# Data Extraction from PDF Documents
---
[Exporting Data From PDFs With Python](https://dzone.com/articles/exporting-data-from-pdfs-with-python "Exporting Data From PDFs With Python")

In [None]:
import json
import os
import io
from pdfminer.layout import LAParams
from pdfminer.converter import TextConverter
from pdfminer.pdfinterp import PDFPageInterpreter, PDFResourceManager
from pdfminer.pdfpage import PDFPage

laparams = LAParams()
setattr(laparams, 'all_texts', True)

def extract_text_from_pdf(pdf_path):
    resource_manager = PDFResourceManager()
    fake_file_handle = io.StringIO()
    converter = TextConverter(resource_manager, fake_file_handle, laparams=laparams)
    page_interpreter = PDFPageInterpreter(resource_manager, converter)
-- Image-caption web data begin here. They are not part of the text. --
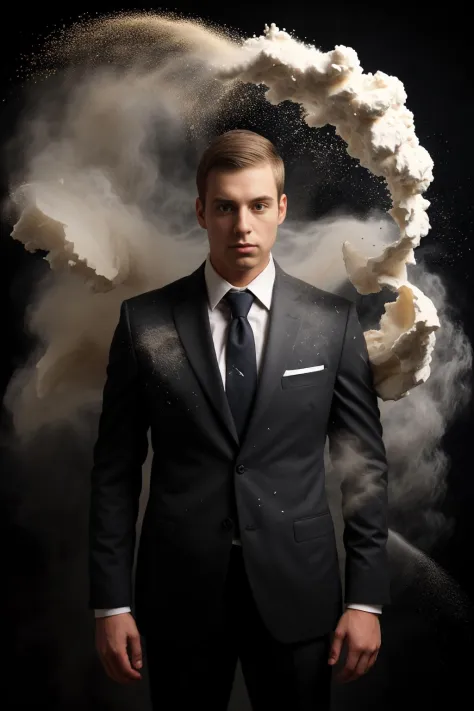 man, business suit, dark background, flour covered, flour dust,
 <lora:CoveredWithStuff:0.6>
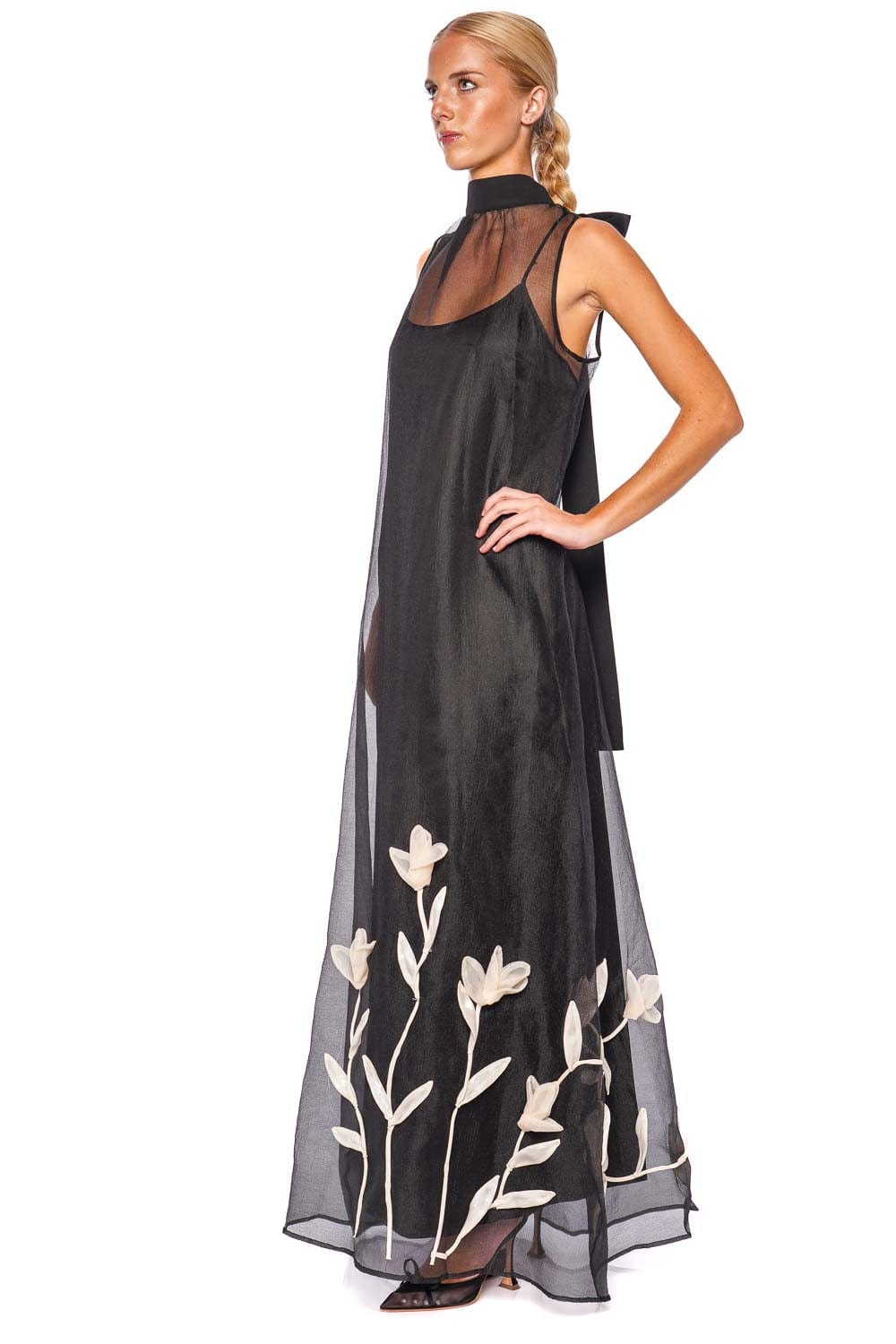 Staud Albee Black Chiffon Floral Maxi Dress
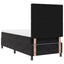 LED Box Spring Bed med madras Sort 100 x 200 cm Fløjl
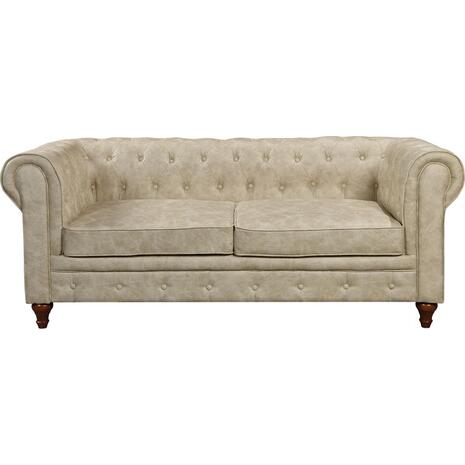 CHESTERFIELD York Kαναπές 3Θέσιος Σαλονιού - Καθιστικού, Ύφασμα Απόχρωση Μπεζ (Ε942,31)
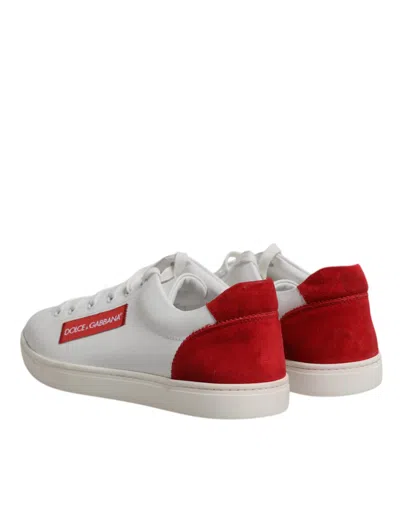 Pre-owned Dolce & Gabbana White Suede Leather Low Top Sneakers Men's Shoes () In Multi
    with open(pdf_path, 'rb') as fh:
        for page in PDFPage.get_pages(fh, caching=True, check_extractable=True):
            page_interpreter.process_page(page)
        text = fake_file_handle.getvalue()

    # close open handles
    converter.close()
    fake_file_handle.close()
    if text:
        return text

def extract_full_text_from_pdf(source, dest):
    with open(dest, 'w') as file:
        text = extract_text_from_pdf(source)
        file.write(text)
    
def extract_text_by_page(pdf_path):
    with open(pdf_path, 'rb') as fh:
        for page in PDFPage.get_pages(fh, caching=True, check_extractable=True):
            resource_manager = PDFResourceManager()
            fake_file_handle = io.StringIO()
            converter = TextConverter(resource_manager, fake_file_handle, laparams=laparams)
            page_interpreter = PDFPageInterpreter(resource_manager, converter)
            page_interpreter.process_page(page)
            text = fake_file_handle.getvalue()
            
            yield text.encode('utf8')

            # close open handles
            converter.close()
            fake_file_handle.close()

def extract_text_by_page_from_pdf(source, dest):
    with open(dest, 'a') as file:
        for page in extract_text_by_page(source):
            file.write(page.decode('utf8') + "\n")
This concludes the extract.